• TASK:
In the records below, take the line with "Antique Warners Original" and all lines after it, and copy them exactly, pictures excluded.
***** THE DATA
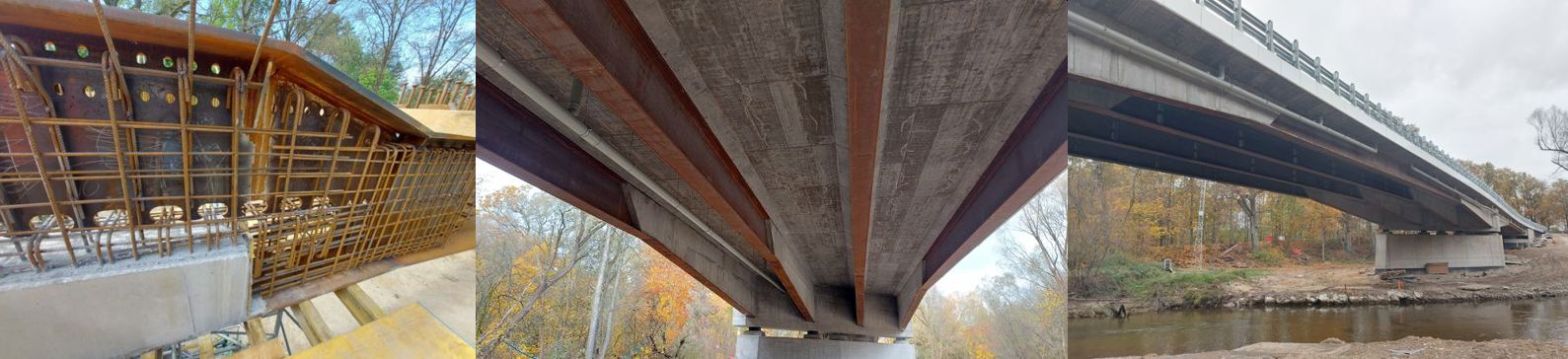 Kolaż trzech zdjęć przedstawiający etapy budowy mostu: zbrojenie pod płytę pomostu, widok od spodu na stalowe dźwigary nad rzeką oraz ukończony wiadukt nad ciekiem wodnym w jesiennym krajobrazie.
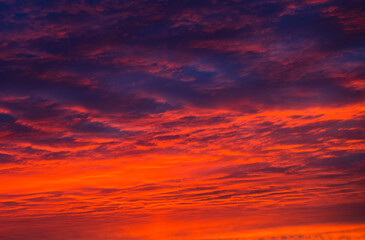 red clouds in the sunset sky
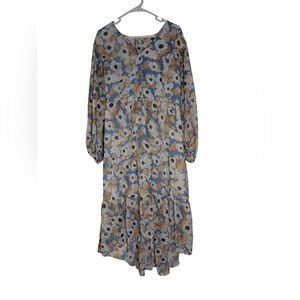 Joie Floral Long Sleeve Dress in Blue and Orange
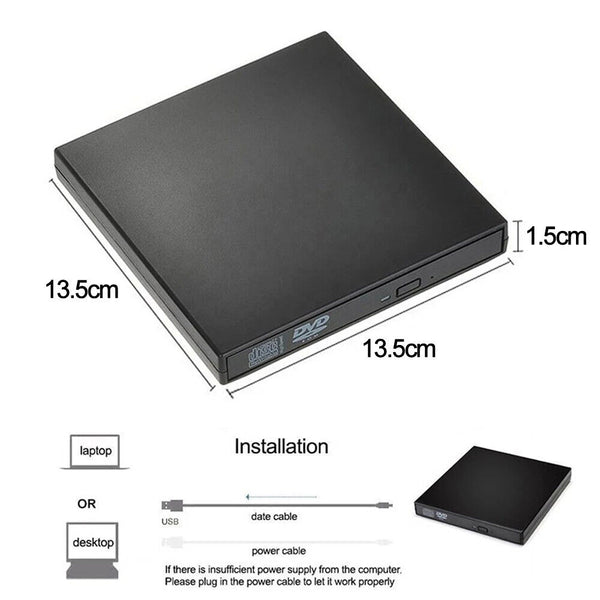 Portable Drive Writer USB External CD DVD Player For PC/Laptops Mac Windows 11 9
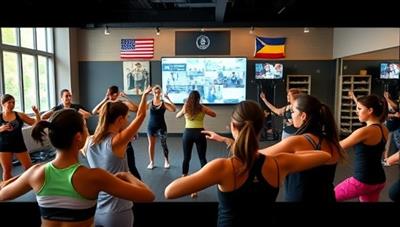 An energetic virtual fitness class setting with participants from different countries following along with a dynamic workout routine led by a renowned fitness trainer, capturing the spirit of global connectivity and wellness at FitFest Global.
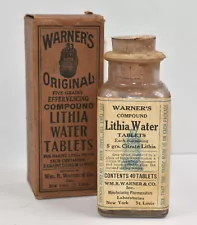 Antique Warners Original Lithia Water Tablets Glass Bottle in Original Box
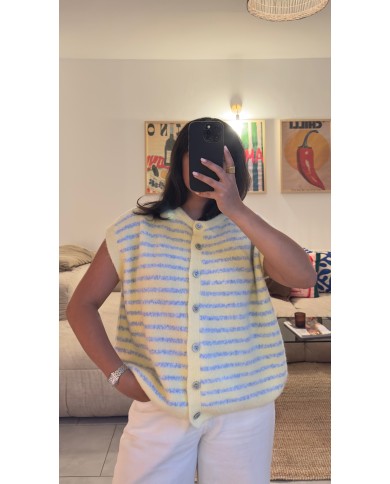 PULL SANS MANCHE RAYÉ JAUNE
**********
• WRITTEN SOLUTION:
 Antique Warners Original Lithia Water Tablets Glass Bottle in Original Box
 PULL SANS MANCHE RAYÉ JAUNE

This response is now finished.